İnfak, paylaşmaktır, İnfak, kişinin Allah’ı kazancına ortak etmesidir.

Kullukta yücelmenin iki kanadı vardır; Allah’a uzanan kanat namaz, kula uzanan kanat infak. Ancak böyle uçulur.

İnfak nifakı yok eder. İnfak imkânla değil, imanla alakalıdır

Kapitalizmde açlık evrenseldir, ihtiyaç sınırsızdır. İslam’da ise rızk evrenseldir. Herkesin rızkı yeryüzüne inmiştir. Açlık varsa o dünyada adalet yoktur.

Birinin fazlası diğerinin eksiğidir.

İnfak ahlakı yoksa vermek ezmektir. Mümin; “el kârda gönül yarda”, “Ya Rab! Elimizde çok eyle, gönlümüzde yok eyle!” diyendir.

 

İnfak adabı:

 

İnfakın adabı Allah için verdiğini çok görmemek, eksik vermemek ve başa kakmamaktır.

Mümin, bollukta da darlıkta da infak eder, sevdiğinden verir, gizlice de açıktan da verir.

Özetle infak: “Bir güzelin bir güzeli en güzel adına diğer güzellerle paylaşmaktır.”

 

ZEKÂT NEDİR, ÖLÇÜSÜ NE KADAR OLMALIDIR?

 

Zekât artarak temizlenmektir. Zekât ağacı budamaktır; budayınca hacmi azalır ama meyvesi çoğalır.

Halen zekât kardan veriliyor. Hâlbuki maldan verilmesi lazımdır.

1/40 nispeti zekât değildir, cimriliktir, züğürt işidir.

Zekât, ihtiyaçtan fazlasını vermektir, paylaşmaktır.  

 

ALLAH İÇİN VERİNCE AZALMAZ, ALLAH BİR ŞEYİ İSTİYORSA ALMAK İÇİN DEĞİL, VERMEK İÇİN İSTER

 

Servete sahip olanalar servetin gerçek sahibinin Allah olduğunu bilenlerdir. Onlar zekâtı, servete sahip olmanın bir yöntemi olarak verirler.

Verdiğim benimdir derler ve verirler; verdiklerinde sahip olurlar.

İnfak edince azalacağını zannetmeyiniz. “Karz-ı Hasen” Allah’a verilen güzel bir borçtur; sen kulca verirsin, O Allah’ça öder.

Allah yolunda harcamak, eksiltmek değil çoğaltmaktır.

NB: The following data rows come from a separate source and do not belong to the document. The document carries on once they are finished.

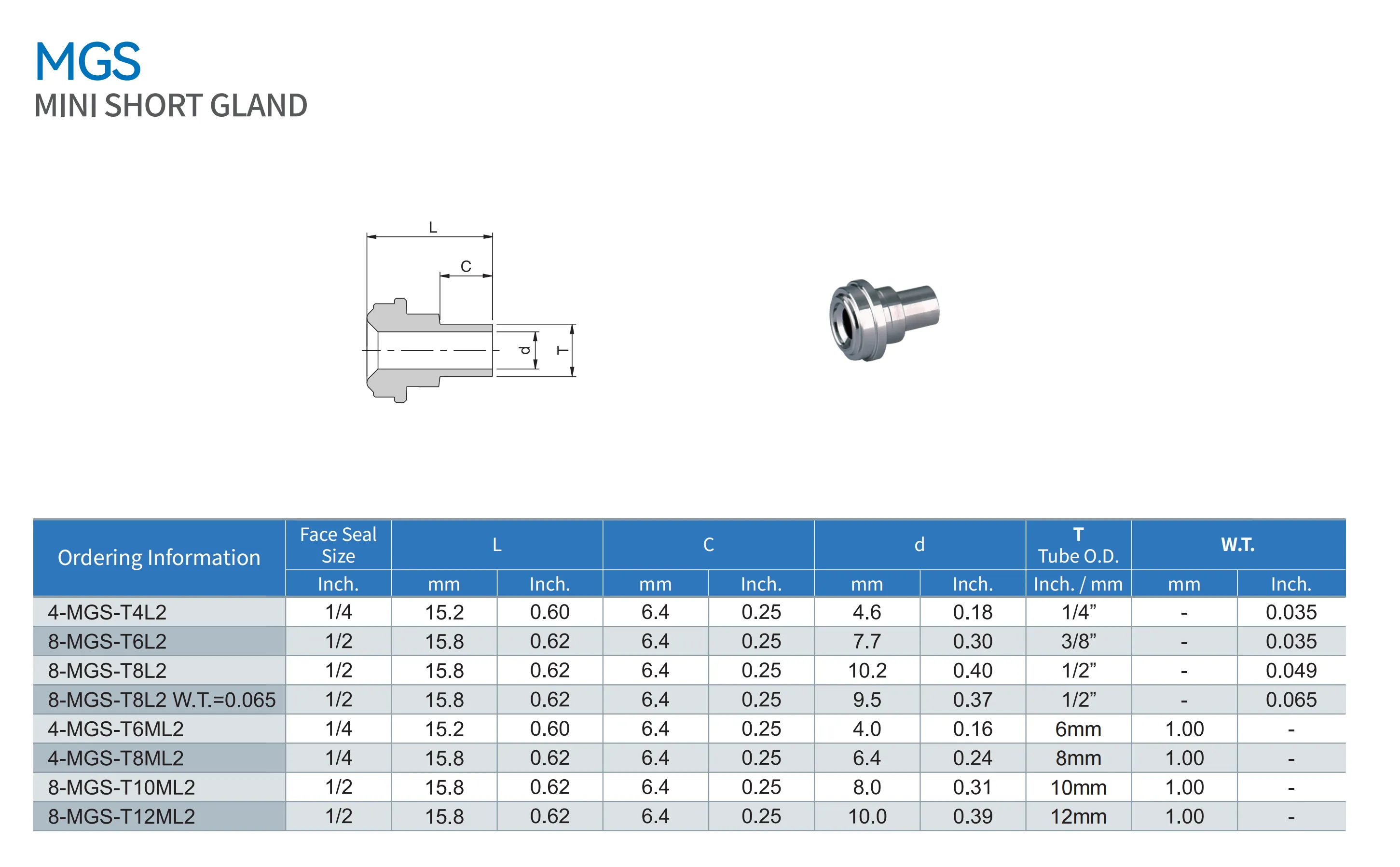Гильза мини короткая под приварку MGS: Трубка мм - Face Seal / Type MGS Mini Short Gland mm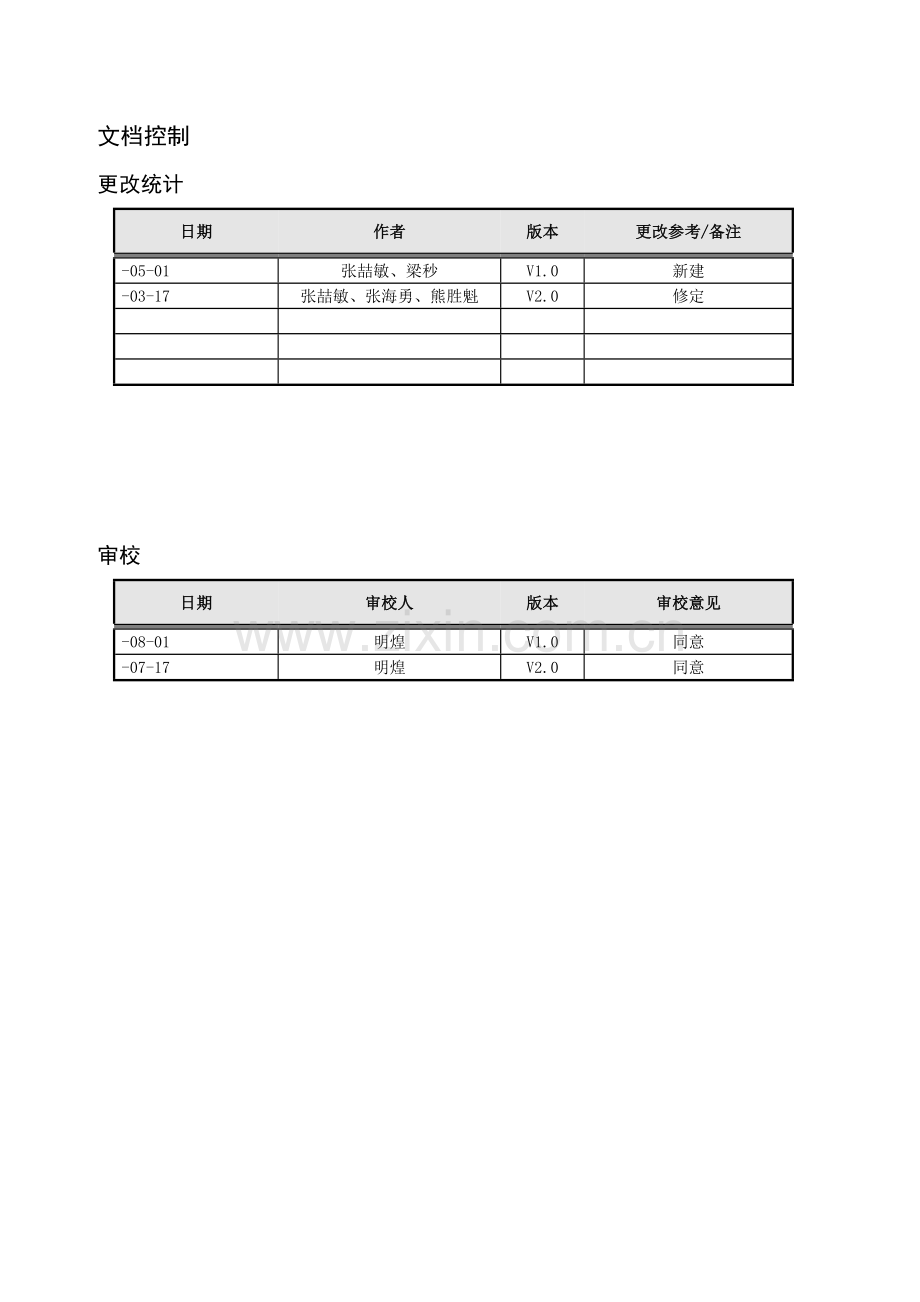 顾问实施手册物流制造分册模板.doc_第2页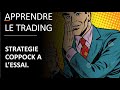 Trading CAC40 (+0.44%): stratégie Coppock à l'essai.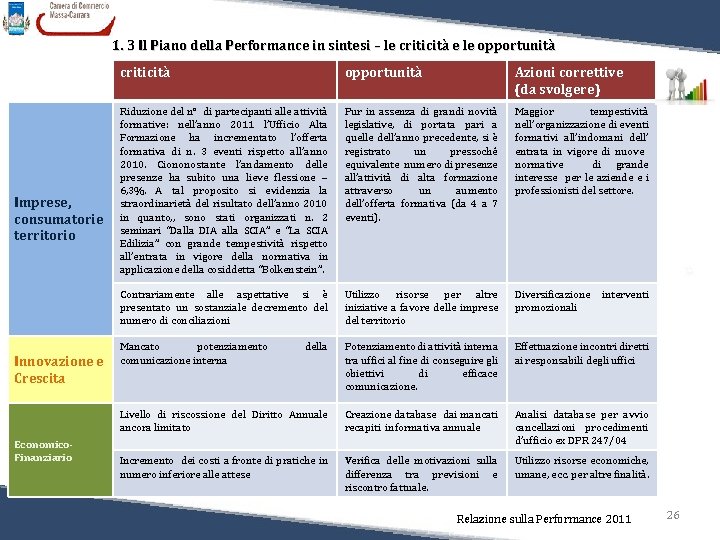 1. 3 Il Piano della Performance in sintesi – le criticità e le opportunità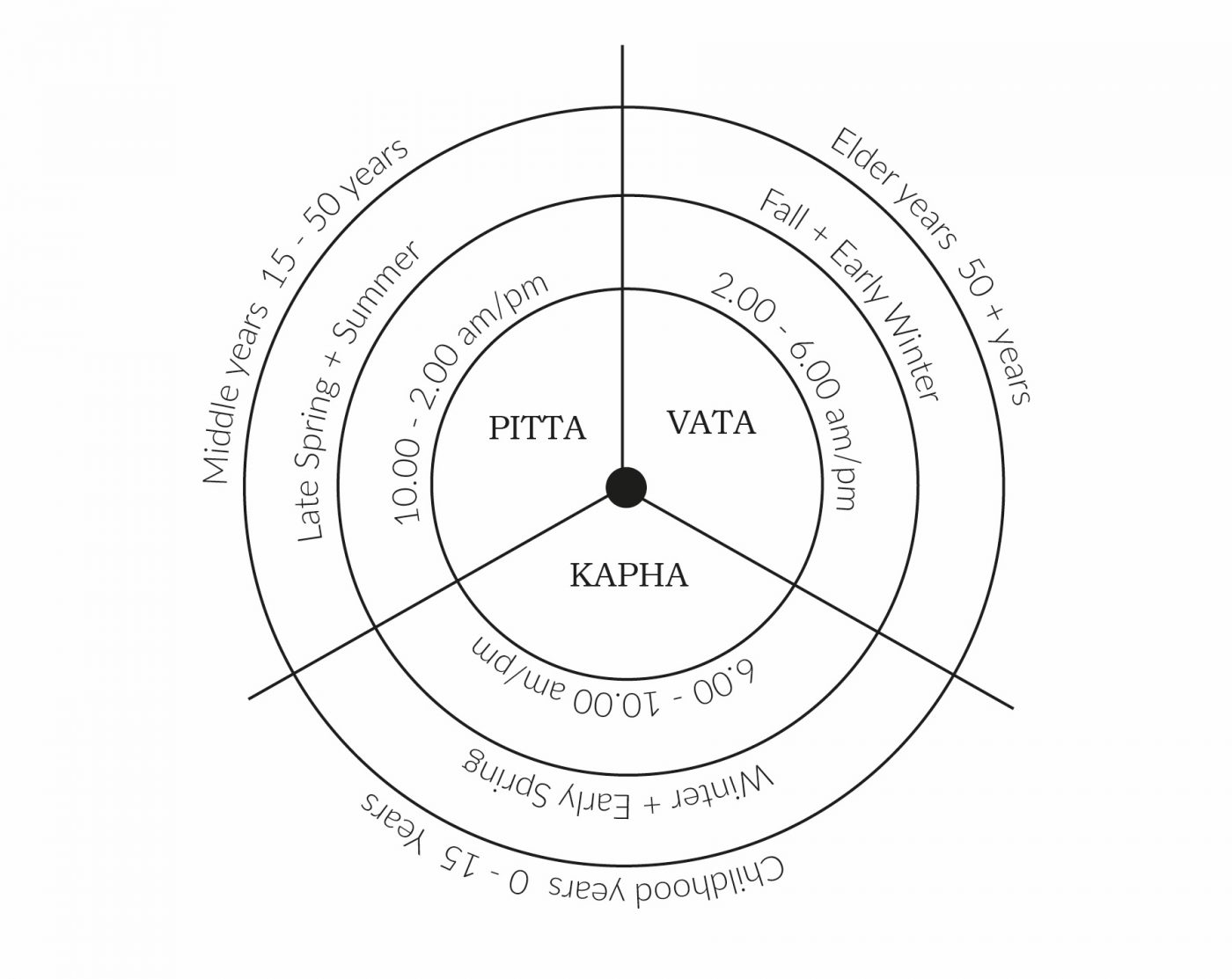 vata pitta kapha time of day,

Kur'an infaktan o kadar çok söz eder ki, "vahiy insana Allah yoluna vermeyi öğretmek için gelmiştir" dense yeridir.

 

BEREKET KAVRAMINI UNUTTUK

 

İnfak berekete açılan kapıdır. Sahip olunan malı ancak Allah mübarek (bereketli) kılar.

Seni sınırsızca övüyor ve çok seviyoruz Allah’ım.